1. Use a spelling curricula that includes sentences for dictation, preferably a curricula designed for problem spellers. Teach the spelling lesson and do the exercises.

2. Then dictate three or four sentences using that lesson’s spelling words. (Use your judgment to discern how many sentences your student can do without feeling overwhelmed.)

3. Show your student the correctly written sentences that you just dictated and allow her to correct her own work before you even look at it. (Learning to find her own mistakes and correct them will be her key to learning to spell correctly.)

4. When your student thinks she has corrected all her errors, go over the paper with her. Make a little red mark for every correct word or punctuation mark on her paper. For example, if she capitalized the first letter of the sentence, make a red mark. If she spelled that first word correctly as well, make a second mark. When you come to an error, don’t make a big deal about it. Be matter of fact. Simply explain why it doesn’t get a mark and move on.

5. When you finish correcting the paper, count up all the red marks. Give your student a reward – a raisin or chocolate chip or other small reward for every red mark. (Chocolate chips worked wonders for Matt. He was disappointed when he missed a little red mark, and he tried harder next time to spot his errors himself. As his proofreading skills improved, his spelling improved.)

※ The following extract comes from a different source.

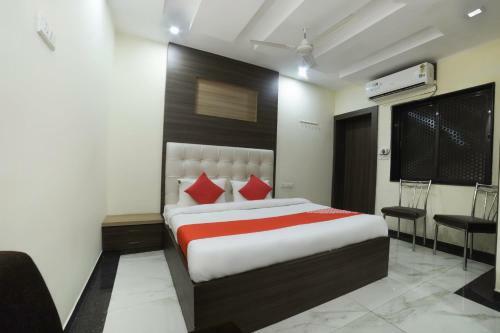 Hotel Oyo 61135 Halwai Association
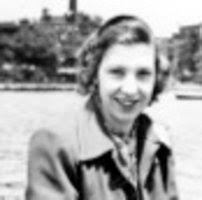 Obituary of Waltraut E. Cheney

You can modify this system for original writing projects. If your student is too stuck on spelling to produce a writing flow, let her dictate to you what she wants to say (Dictation #1). Then dictate Dictation #1 back to her as she now writes down her own words (Dictation #2). Give her a corrected copy of Dictation #1. Allow her to check Dictation #2 using Dictation #1. Then proceed to steps 4 and 5.

Use good judgment. The important thing is to work with your child at her learning level and avoid her frustration level. Some horrible spellers, like Matt, are incredible story tellers who can dictate far more words than they can manage to write when those words are dictated back to them. In that case, dictate back only a paragraph or a few sentences – whatever your student can manage without becoming overwhelmed.

© Becky Cerling Powers 2012

Advertisements

Read Full Post »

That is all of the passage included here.